Il est indispensable de prendre une mesure simple et forte vis-à-vis de ces pique-assiettes de la République : supprimer leur statut protecteur et permettre leur licenciement pour faute ou pour insuffisance à l’issue d’une procédure d’évaluation publique. C’est par cette mesure radicale que les petits calculs personnels passeront après la cause collective.

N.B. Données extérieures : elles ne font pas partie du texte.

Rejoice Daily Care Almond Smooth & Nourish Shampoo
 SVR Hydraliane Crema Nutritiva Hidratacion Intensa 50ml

La réforme de l’Etat devient urgente
On comprend bien le problème qui se pose pour un président de la République qui n’est pas élu local, qui ne l’a jamais été, et qui ne le sera jamais. Le naufrage de la République En Marche aux municipales l’a montré : faute de pouvoir s’appuyer sur les barons locaux, il doit s’appuyer sur les surintendants du Royaume, sur cette cohorte de hauts fonctionnaires qui émaillent le territoire, avec leur morgue et leur mépris si caractéristique pour le tiers état. Si la France souffre d’avoir des élus locaux d’un niveau très inégal, ses hauts fonctionnaires territoriaux, ses préfets, ses directeurs locaux en tous genres, ne manquent pas de se transformer en tyrans sans contrôle dès que le Président s’appuie sur eux pour gouverner.
Cette cascade de hiérarques dirige une administration obsolète, aux services poussifs, médiocres, qui ne parvient pas à se moderniser. En contrepartie de cette prestation digne d’un pays de troisième ou quatrième rang, les Français sont accablés d’impôts et de tracasseries administratives. Disposer de services publics performants, coopératifs, comme en Allemagne, comme au Luxembourg, comme dans les pays du Nord de l’Europe, et non de contrôles mesquins opérés sous la houlette de hauts fonctionnaires imbus d’eux-mêmes et dépassés par leur époque, devient une mesure de salubrité publique.
Dommage que nous ayons encore manqué le coche.